Balance in the Washington Post
Lawmakers from both parties have been eager to excoriate Wall Street. But industry lobbyists warn that populist proposals to shrink, break up or otherwise shackle some of the giants of the financial world could do more harm than good to the economy. These advocates say that stiff regulation could stifle the flow of credit, undermine American competitiveness in global markets and cost jobs.
Among the terms that lobbyists used to describe elements of the legislation: “Draconian.” “Crazy.” “Insanely unproductive.”
via Lobbyists fret over legislation to reshape financial system.
Not sure if anyone saw this piece, but the Washington Post’s Brady Dennis fired off one of the weirder pieces of journalism I’ve seen of late in a news daily on the financial crisis.
The essence of his piece was that Wall Street lobbyists had been banking on the Financial Regulatory Reform bill getting pared down behind closed doors as it got closer to a vote.

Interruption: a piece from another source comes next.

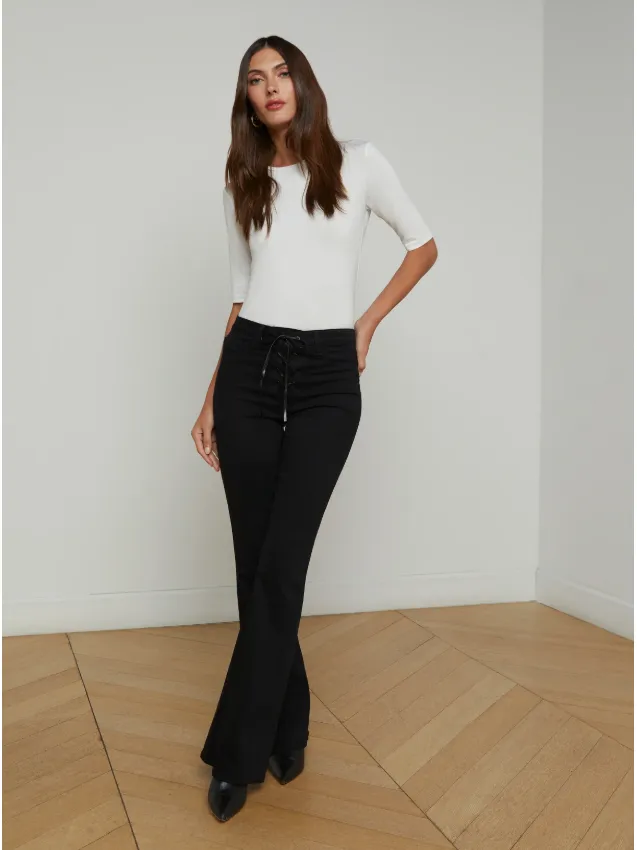 L'Agence Charis Lace-Up Jeans in Noir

Over the course of 900 words or so Dennis quoted one lobbyist after another talking about how politicians were getting too emotional about this whole ruined-economy thing, and were proceeding with “crazy” and “insanely unproductive” proposals.
Dennis does this, but he never explains what’s so “crazy” about any of these proposals, and in fact only vaguely even hints at what they are. We get that proposals to cap the size of banks and limit prop trading desks are among the things he’s talking about, but we’re apparently supposed to assume automatically that we understand why those things are “crazy” and “unproductive,” which is very odd given the events of the last two years.

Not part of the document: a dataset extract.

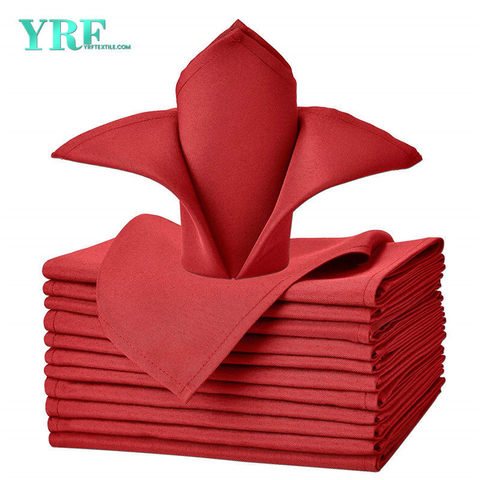 Servilletas de tela Pure Red 17x17 "pulgadas 100% poliéster lavables y reutilizables para restaurante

The other thing he doesn’t do is ask anyone on the other side of the deal to comment on the rank silliness of these lobbyists’ claims. Maybe that’s because he couldn’t find anyone on the other side. There are about 1800 financial lobbyists wandering DC these days — I was physically bumping into these guys in DC this week in the halls of Hart and Dirksen — while the leading reform groups (like Americans for Financial Reform) have few if any. (AFR, as far as I understand, has no paid lobbyists and just a few dozen volunteers).
This kind of rhetoric is something you normally see a lot of in campaign journalism. You’ll see whole pieces about how X or Y candidate is “strong on immigration” or “has a good record on defense issues” or “frightens voters with his radical stance on the environment,” but the writer won’t elaborate on what those positions actually are/were. You’re supposed to move straight past the details and just swallow the reporter’s characterizations. It makes it easier to cartoonize stories, which is a big plus especially during campaign season and is also proving useful during a detail-laden behemoth of a story like this FinReg bill.

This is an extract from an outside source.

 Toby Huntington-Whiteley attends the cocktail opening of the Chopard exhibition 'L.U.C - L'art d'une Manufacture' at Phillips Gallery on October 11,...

I suppose there’s a way to read this piece that’s just a bust on all these overpaid lobbyists whining about how much harder than usual it suddenly is to bribe the congress away from real action — that was my first reaction to it — but to a reader who doesn’t know the particulars of this story it still comes across like the Post is saying that the politicians proposing reforms might be out of control and getting carried away by emotion. Which is odd. In general, the amount of rhetoric against this bill that sidesteps its actual content is growing to the point of absurdity.